Let’s look at the host (Linux), considering you are logged in as a user who has permission to run the commands.
Run the ‘ top ‘ command
The data points to look at are:
- The first line has two data points
- Uptime – Since how long the server has been up since last reboot. Above its 78 days. Typically, if the server has been up for more than 180 days, consider rebooting the server.
- Load average – Higher number indicates that the system is stressed. In most cases, if the value nears to twice the core on the host, you would notice queue build up and degraded performance.
- The third line has information on CPU Utilization, showing distribution across user, system and idle.
- The fourth line has information on Memory Utilization, which on Linux includes buffers and cached memory. So this is not the actual RAM utilization and if you see this 90% or 100%, don’t get alarmed.
- The fifth line has Swap memory usage
- The detail table has information on Virtual Memory, Resident Memory, Shared Memory, %CPU utilization, %Memory Utilization and command
- VIRT (Virtual Memory) – The memory used by the process including Swap. If there is a native memory leak you could see the virtual memory growing
- RES (Resident Memory) – The physical memory used by a process. It is the size of the actual pages present in the RAM.

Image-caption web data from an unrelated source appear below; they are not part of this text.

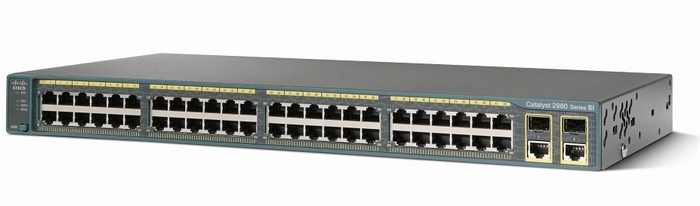 Switch CISCO Catalyst 2960 WS-C2960+48TC-S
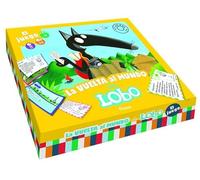 La vuelta al mundo de Lobo. Juego de mesa (Loboi/Llop)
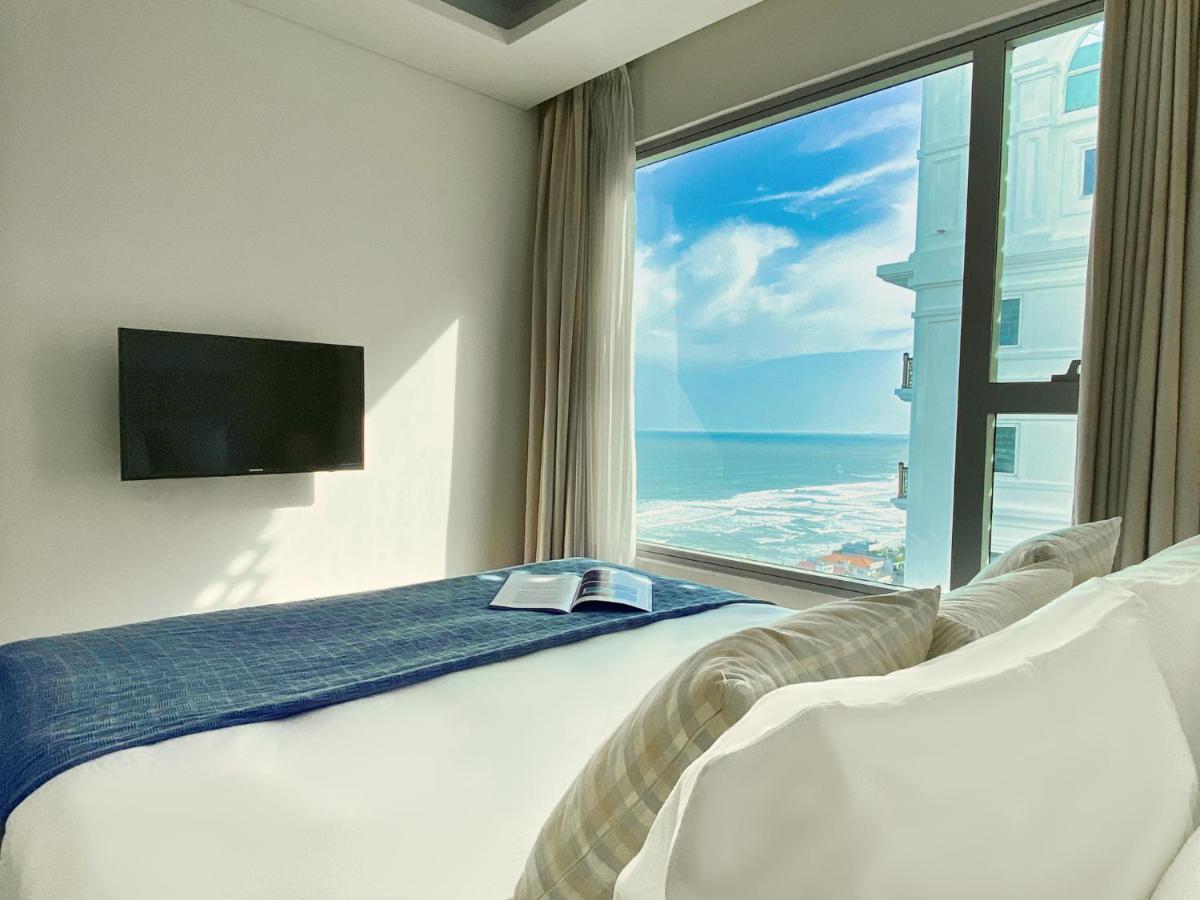 Stunning Apartments Across My Khe Beach ! Rooftop Pool & Gym Da Nang Exterior foto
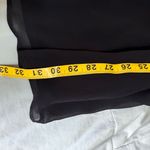 ANINE BING  Classic Black Silk Long‎ Sleeve Dress Size Small EUC Photo 12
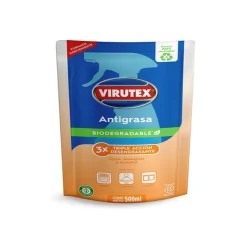 Limpiador Antigrasa Doypack Virutex 500ml
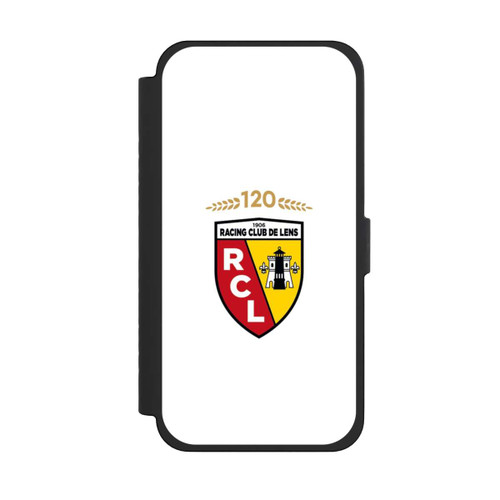 Apple iPhone 15 Pro Max NIVOflip RC Lens 120 ans anniversaire blanc
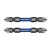 Wadfow 2 Pcs 65mm PH2+PH2 Impact screwdriver Bits (WSV3K62) - Pack Of 5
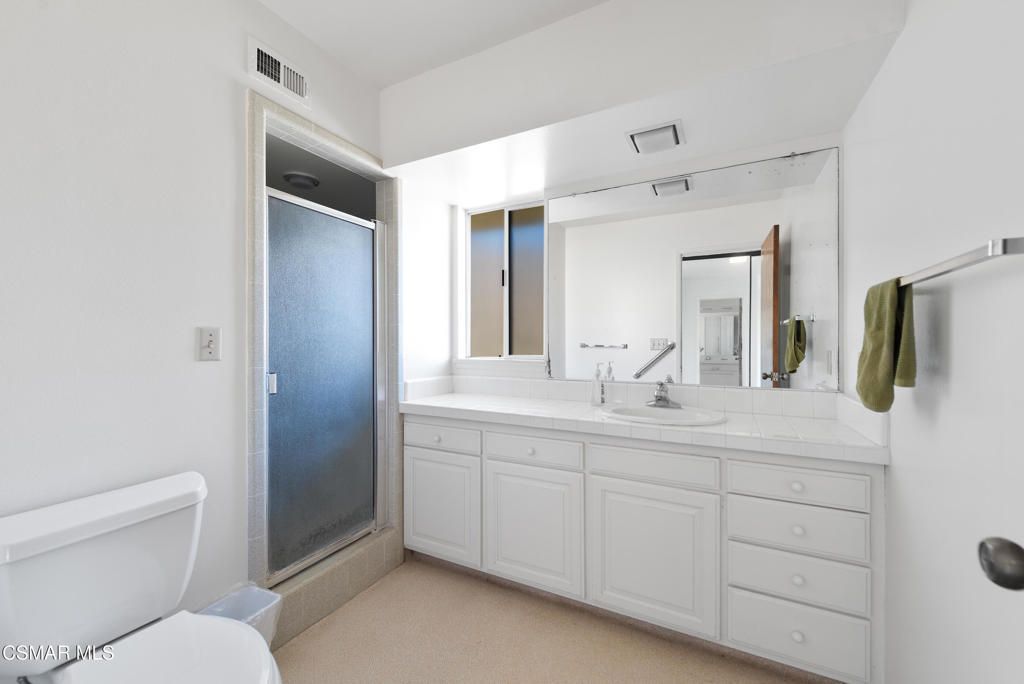 Bathroom, Dual Sink Vanities, Interior, Tile Countertops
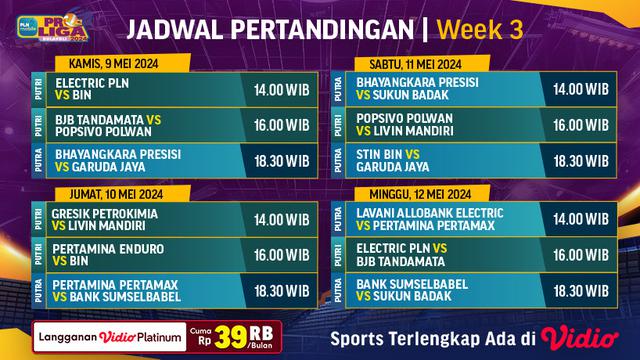 PLN Mobile Proliga 2024 Week 3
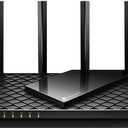 TPLink AXE5400 TriBand WiFi 6E Router (Archer AXE75), 2025 PCMag Editors' Choice, Gigabit Internet for Gaming & Streaming, New 6GHz Band, 160MHz, OneMesh, QuadCore CPU, VPN & WPA3 Security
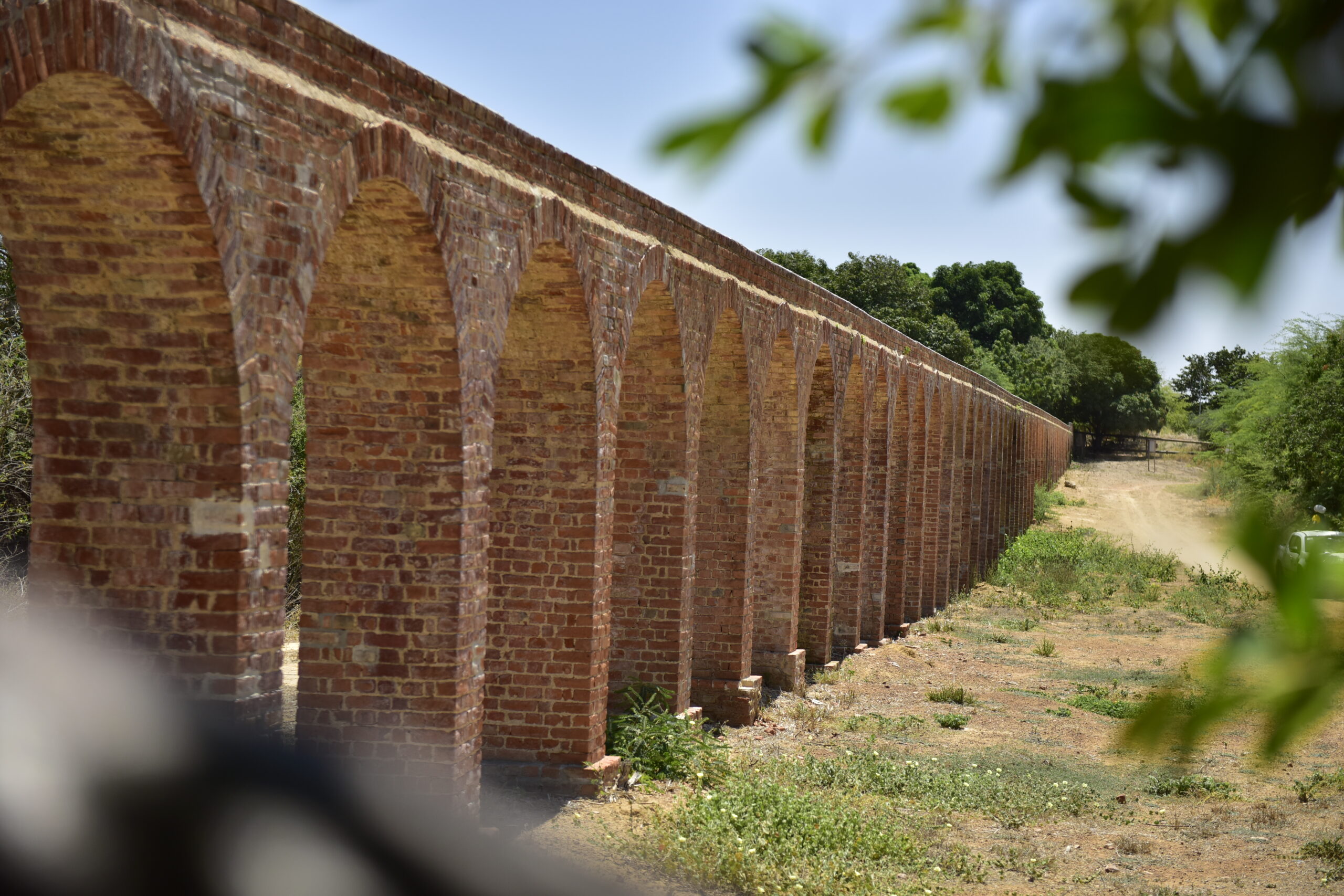 Aqueduto do antigo horto florestal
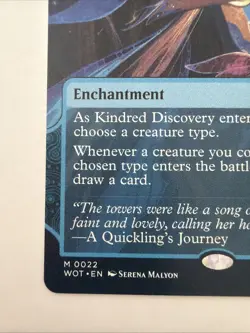 Kindred Discovery Wilds of Eldraine: Enchanting Tales Regular - Image 5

- In the above example the heap size has been defined as 8 GB but the Resident Memory used is 9.9 GB. A java process uses native memory which is in addition to the Heap Memory.
- SHR (Shared Memory) – It is the memory that could be potentially shared with other processes.
Customize Screen Display
- Refresh Interval – To change the interval of screen refresh, press ‘d’ and enter a numeric value ( Unit – sec )
- Column Order – To change the order of the column displayed, press ‘o’ and follow the instruction on the screen to move the column left or right
- Column Sort – By default the data displayed is sorted by %CPU. To change press ‘SHIFT o’ and follow the instruction on the screen
- Individual CPU – To see the utilization of individual CPU utilization on screen press ‘1’
Run the command ‘ free –g ‘, the displayed data is in GB
The total Memory is 62 GB. The cached is 48 GB. The actual utilization is 13 GB, even though the used column shows 62 GB. Refer to the “buffers/cache” rows for actual usage and free memory. The free memory is 48 GB.
Another way is to run the ‘ vmstat ‘ command
The memory shows is in KB.
The ‘vmstat’ command also gives information on the run queue, shown above in the first column. The column ‘r’ shows the number of processes waiting for run time. A high value would indicate that many processes are waiting for the resources to execute.
I/O Wait time
Run the command ‘ iostat ‘ to get the I/O statistics
The “%iowait” shows the percentage of time that the CPUs were waiting for an outstanding disk I/O request to complete. In the event of slow response reading or writing data to disk, the %iowait time will increase.
Run the ‘ netstat –ant ‘ command to capture the tcp connection information. There are different states of the connection such as ESTABLISHED, TIME_WAIT, CLOSE_WAIT, FIN_WAIT, FIN_WAIT2.
‘ netstat –ant | grep LISTEN ‘ will provide all the listening connections. ‘ netstat –l ‘ command can also be used.
To find which program is associated with the connection, use the –p flag
‘ netstat –anp ‘
To get the packet level summary for different Network protocol run the command
‘ netstat –s ‘
To check the disk space utilization run ‘ df –h’ command
To check the size of directories in a directory, navigate to the directory and run the command
du – sh *
Run the command ‘ ulimit –a ‘ to check the user level settings
The key attributes to look at are:
- Core file size – In the event of process crash, if you want the core file to be generated, set this value to ‘unlimited’
- Open files – The maximum number of files that can be opened concurrently
- Max user processes – The maximum number of processes that can exist concurrently
The system messages are written to the /var/log/messages file. Check the file for error messages generated by the system.
Run the ‘ last ’ command to get information about when a user logged-in and logged-out of the system. This is useful to investigate in cases where an external connection to the host is occurring frequently and the user making the connection never logs out. It would show many logged-in user sessions.
Run the ‘ users ’ command which shows the currently logged-in users. Use the ‘ finger ’ command to retrieve more information about the user if available.